Nanotechnology of Microemulsions. NanoMedex Pharmaceuticals, Inc. has developed a formulation strategy to allow drugs that are only soluble in oil to be soluble in water. To administer a drug intravenously the drug must first be dissolved in water. The NanoMedex nanotechnology formulation strategy utilizes components that encapsulate the active pharmaceutical ingredient (API) into spheres (5-30 nm) so small they allow the drug to become randomly dispersed in water and act as if the drug has dissolved in the water.
The human body is composed of over 70% water. Intravenous drugs are given to man in an aqueous solution. To administer a drug intravenously the active pharmaceutical ingredient (API) must first be dissolved in water. The NanoMedex (NMDX) nanotechnology formulation strategy utilizes components that encapsulate the APIs into spheres. These spheres are sufficiently small to allow the API to become randomly dispersed in water as a nanoemulsion, and act as if the API has dissolved in the water.
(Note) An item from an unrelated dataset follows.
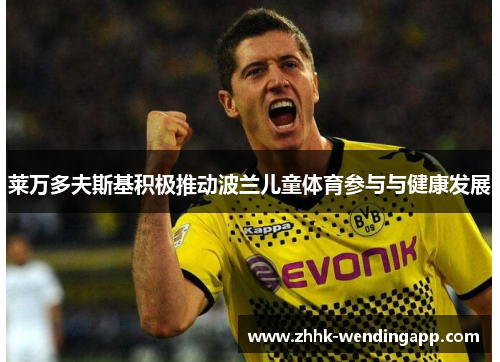 莱万多夫斯基积极推动波兰儿童体育参与与健康发展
Delivery of poorly water-soluble active pharmaceutical ingredients is therefore a major industry-wide challenge facing pharmaceutical companies. A number of approaches utilizing solubilizing agents with various degrees of biological activity has been the industry standard. Eliminating these components by developing novel microemulsion formulations, which replace problematic excipients or, combinations of excipients will increase the safety and efficacy of the drug thereby decreasing the rate and severity of side effects. Any drug that has poor solubility in water is an ideal candidate for the NMDX formulation strategy. Virtually all-new chemical entity (NCEs) drugs have an oil or solid form, which makes it a potential product for formulation by microemulsion technology. NMDX’s patent rights extend across well over 100 drugs and drug classes. The NMDX formulation strategy is being applied to a wide range of drug classes including chemotherapeutics, anesthetics, anti-infectives, anti-inflammatories, immunosuppressants, anti-arrythmics and vitamins.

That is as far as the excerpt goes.